::: Source material

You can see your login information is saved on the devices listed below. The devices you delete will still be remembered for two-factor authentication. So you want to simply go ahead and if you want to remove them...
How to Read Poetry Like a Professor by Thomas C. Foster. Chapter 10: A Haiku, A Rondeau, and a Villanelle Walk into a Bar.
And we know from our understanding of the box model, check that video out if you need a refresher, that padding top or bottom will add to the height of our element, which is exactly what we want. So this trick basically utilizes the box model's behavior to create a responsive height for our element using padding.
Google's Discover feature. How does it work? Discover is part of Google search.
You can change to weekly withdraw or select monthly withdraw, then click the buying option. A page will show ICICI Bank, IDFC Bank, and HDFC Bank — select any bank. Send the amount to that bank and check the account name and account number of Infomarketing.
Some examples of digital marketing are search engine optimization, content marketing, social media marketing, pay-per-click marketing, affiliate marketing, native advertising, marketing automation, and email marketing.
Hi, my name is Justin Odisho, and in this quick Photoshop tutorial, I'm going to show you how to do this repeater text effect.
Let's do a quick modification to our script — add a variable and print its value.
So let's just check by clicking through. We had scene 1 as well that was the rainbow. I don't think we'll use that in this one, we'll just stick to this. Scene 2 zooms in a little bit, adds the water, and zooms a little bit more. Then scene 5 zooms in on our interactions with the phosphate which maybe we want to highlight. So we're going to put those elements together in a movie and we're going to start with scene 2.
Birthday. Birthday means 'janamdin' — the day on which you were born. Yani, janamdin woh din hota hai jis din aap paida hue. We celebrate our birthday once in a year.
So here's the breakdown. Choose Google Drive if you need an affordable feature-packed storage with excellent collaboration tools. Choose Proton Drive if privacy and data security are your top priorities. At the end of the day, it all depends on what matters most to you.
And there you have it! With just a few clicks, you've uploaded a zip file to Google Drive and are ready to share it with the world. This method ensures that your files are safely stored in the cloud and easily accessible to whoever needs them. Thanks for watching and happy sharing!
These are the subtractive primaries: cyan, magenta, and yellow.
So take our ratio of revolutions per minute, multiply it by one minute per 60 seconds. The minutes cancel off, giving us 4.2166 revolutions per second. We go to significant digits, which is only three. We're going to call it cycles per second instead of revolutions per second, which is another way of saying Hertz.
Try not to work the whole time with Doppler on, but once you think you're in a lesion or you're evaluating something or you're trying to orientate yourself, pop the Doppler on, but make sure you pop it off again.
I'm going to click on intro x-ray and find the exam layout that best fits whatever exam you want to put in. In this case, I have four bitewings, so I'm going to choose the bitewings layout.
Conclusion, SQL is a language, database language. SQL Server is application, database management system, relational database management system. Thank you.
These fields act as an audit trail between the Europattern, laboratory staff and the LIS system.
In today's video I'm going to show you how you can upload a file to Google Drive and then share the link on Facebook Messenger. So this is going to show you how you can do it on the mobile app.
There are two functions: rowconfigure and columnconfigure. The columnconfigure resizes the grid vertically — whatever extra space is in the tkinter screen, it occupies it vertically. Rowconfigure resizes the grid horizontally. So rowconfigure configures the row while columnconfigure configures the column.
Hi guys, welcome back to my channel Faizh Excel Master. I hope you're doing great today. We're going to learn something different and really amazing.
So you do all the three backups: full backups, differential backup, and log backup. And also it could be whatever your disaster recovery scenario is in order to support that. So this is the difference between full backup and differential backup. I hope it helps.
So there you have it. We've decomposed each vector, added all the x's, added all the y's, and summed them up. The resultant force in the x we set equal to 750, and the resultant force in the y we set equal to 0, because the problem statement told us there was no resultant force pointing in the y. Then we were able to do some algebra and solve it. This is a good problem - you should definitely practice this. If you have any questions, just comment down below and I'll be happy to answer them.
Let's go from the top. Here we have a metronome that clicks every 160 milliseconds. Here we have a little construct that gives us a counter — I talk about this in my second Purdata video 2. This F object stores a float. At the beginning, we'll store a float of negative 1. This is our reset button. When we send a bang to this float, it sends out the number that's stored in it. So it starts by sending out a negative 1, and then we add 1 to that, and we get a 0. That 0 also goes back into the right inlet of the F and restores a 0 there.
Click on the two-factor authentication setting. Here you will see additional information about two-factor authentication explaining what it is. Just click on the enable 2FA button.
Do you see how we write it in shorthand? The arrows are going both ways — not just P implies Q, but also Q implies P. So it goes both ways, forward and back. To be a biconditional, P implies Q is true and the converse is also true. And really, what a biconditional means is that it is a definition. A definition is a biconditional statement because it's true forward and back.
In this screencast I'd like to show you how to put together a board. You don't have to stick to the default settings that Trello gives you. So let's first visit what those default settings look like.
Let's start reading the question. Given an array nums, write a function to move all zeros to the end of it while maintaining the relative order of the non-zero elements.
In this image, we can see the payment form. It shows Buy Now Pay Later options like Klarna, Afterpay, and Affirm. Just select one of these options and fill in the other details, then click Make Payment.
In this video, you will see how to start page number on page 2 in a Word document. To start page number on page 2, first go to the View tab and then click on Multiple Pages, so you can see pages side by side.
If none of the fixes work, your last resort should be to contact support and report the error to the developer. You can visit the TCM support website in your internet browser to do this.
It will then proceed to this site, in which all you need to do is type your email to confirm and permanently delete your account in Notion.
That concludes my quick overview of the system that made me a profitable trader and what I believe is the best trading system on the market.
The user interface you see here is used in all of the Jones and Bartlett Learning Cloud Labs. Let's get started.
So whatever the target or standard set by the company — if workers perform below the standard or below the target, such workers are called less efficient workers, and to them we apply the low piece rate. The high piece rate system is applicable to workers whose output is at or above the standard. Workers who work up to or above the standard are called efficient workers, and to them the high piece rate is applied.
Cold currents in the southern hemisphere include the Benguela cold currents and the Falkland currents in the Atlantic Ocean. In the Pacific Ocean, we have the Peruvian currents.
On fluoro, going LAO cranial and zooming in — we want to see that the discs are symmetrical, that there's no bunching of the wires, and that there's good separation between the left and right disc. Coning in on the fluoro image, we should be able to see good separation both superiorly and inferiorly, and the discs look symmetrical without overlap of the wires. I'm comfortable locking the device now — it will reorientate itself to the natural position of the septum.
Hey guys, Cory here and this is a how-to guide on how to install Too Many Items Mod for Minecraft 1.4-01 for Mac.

::::::

● **Problem description**:
Above this instruction are the records; retype exactly the lines from the one containing "These fields act" up to and including the one containing "Hi guys, welcome".

● **Output of the task**:
These fields act as an audit trail between the Europattern, laboratory staff and the LIS system.
In today's video I'm going to show you how you can upload a file to Google Drive and then share the link on Facebook Messenger. So this is going to show you how you can do it on the mobile app.
There are two functions: rowconfigure and columnconfigure. The columnconfigure resizes the grid vertically — whatever extra space is in the tkinter screen, it occupies it vertically. Rowconfigure resizes the grid horizontally. So rowconfigure configures the row while columnconfigure configures the column.
Hi guys, welcome back to my channel Faizh Excel Master. I hope you're doing great today. We're going to learn something different and really amazing.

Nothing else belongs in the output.